In 1969, the Fed in its Regulation R expanded this restriction to cover bank holding company employees. Comments on the Fed's plan to eliminate this rule will be accepted through late July.

Observers said a handful of the 109 banking companies that operate mutual fund families have been able to work around Regulation R by housing their fund businesses in state-chartered bank subsidiaries that do not belong to the Fed system.

But most must heed the rule. For instance, Bisys Fund Services - which distributes 40 bank-managed fund families - said only two of its client banks currently have their own representatives on fund boards.

J. David Huber, president of the Columbus, Ohio, unit of Bisys Group Inc., predicted that many of his clients would seize the opportunity to gain a seat on fund boards if the Fed permitted it.

"Right now, senior bank management participates actively in mutual fund board meetings, and as long as things go smoothly, they're not excluded from anything," Mr. Huber said. "But there's a feeling they can influence policy and decision-making better if they're a member of the board."

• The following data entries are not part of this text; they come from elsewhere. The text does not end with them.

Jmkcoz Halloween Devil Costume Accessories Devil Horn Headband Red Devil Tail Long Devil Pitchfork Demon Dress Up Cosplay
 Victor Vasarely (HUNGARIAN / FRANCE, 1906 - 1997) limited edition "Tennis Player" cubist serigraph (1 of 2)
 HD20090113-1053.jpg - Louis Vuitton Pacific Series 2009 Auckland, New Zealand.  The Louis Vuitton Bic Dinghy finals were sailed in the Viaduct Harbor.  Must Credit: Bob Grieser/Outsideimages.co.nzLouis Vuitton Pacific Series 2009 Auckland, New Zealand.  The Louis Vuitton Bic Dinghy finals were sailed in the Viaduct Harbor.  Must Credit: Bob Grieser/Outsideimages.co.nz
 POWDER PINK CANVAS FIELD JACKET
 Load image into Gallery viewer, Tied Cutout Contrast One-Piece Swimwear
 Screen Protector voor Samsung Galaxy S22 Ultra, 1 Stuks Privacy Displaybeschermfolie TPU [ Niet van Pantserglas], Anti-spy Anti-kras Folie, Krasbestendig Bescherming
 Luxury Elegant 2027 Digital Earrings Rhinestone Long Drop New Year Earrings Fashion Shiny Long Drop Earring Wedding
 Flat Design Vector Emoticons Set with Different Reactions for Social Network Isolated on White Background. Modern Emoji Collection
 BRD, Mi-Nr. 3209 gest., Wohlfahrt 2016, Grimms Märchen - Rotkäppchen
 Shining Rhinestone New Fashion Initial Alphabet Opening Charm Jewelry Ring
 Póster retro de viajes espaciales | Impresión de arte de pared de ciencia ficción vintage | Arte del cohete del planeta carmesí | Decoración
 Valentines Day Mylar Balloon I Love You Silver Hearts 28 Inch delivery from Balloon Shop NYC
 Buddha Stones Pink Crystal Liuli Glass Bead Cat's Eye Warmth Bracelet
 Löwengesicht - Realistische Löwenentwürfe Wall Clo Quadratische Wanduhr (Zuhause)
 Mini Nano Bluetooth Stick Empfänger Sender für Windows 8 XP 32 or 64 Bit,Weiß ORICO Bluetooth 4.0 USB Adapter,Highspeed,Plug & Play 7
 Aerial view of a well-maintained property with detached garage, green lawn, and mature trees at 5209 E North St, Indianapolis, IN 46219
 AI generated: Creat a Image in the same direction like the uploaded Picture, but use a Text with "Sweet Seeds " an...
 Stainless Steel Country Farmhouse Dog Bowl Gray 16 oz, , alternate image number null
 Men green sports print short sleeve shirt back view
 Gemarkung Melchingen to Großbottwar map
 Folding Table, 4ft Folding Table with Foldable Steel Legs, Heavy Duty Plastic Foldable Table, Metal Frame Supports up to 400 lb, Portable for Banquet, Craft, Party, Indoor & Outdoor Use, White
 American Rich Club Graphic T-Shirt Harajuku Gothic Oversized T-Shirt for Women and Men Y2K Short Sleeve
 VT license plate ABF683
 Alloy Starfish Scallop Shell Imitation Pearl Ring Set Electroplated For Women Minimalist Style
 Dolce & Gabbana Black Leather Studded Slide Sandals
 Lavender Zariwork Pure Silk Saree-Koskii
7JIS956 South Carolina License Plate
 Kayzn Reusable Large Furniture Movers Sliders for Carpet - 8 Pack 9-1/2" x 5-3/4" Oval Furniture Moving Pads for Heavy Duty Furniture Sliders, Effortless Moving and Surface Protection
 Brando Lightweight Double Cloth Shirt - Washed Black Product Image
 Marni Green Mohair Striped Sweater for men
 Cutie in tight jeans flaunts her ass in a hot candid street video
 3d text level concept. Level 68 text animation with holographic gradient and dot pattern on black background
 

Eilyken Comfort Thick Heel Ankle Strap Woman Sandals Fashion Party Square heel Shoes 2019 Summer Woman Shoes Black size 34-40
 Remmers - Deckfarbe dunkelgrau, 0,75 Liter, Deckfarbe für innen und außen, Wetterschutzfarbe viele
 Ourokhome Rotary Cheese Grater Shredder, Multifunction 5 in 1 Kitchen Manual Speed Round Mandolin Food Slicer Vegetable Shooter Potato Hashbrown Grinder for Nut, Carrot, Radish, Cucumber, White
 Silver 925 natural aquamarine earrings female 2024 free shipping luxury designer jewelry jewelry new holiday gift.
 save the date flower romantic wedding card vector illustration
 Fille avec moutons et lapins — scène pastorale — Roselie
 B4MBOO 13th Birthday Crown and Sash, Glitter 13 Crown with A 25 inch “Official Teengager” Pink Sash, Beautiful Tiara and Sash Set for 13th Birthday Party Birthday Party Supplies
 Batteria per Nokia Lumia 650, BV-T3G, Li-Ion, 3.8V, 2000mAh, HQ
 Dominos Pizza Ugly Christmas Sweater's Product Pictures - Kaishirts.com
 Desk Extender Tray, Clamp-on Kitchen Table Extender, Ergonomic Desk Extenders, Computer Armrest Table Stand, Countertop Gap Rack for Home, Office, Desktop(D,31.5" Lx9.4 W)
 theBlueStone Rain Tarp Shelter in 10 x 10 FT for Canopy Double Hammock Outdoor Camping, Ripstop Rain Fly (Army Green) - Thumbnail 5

The head of Banc One Corp.'s $13.5 billion-asset mutual fund family said his company would embrace "any kind of regulatory change that would allow us to approach the board the same way a nonbank would.

"If you're going to put a great amount of sponsorship and support behind a mutual fund family, it's helpful if you're not always at arm's length," said David J. Kundert, chief executive of Banc One Investment Advisers.

Experts said the change wouldn't permit banking companies to turn their mutual fund boards over to insiders. Under the Investment Company Act of 1940, at least 40% of the members of a mutual fund board must be disinterested parties, and these independent trustees have exclusive authority over some key decisions.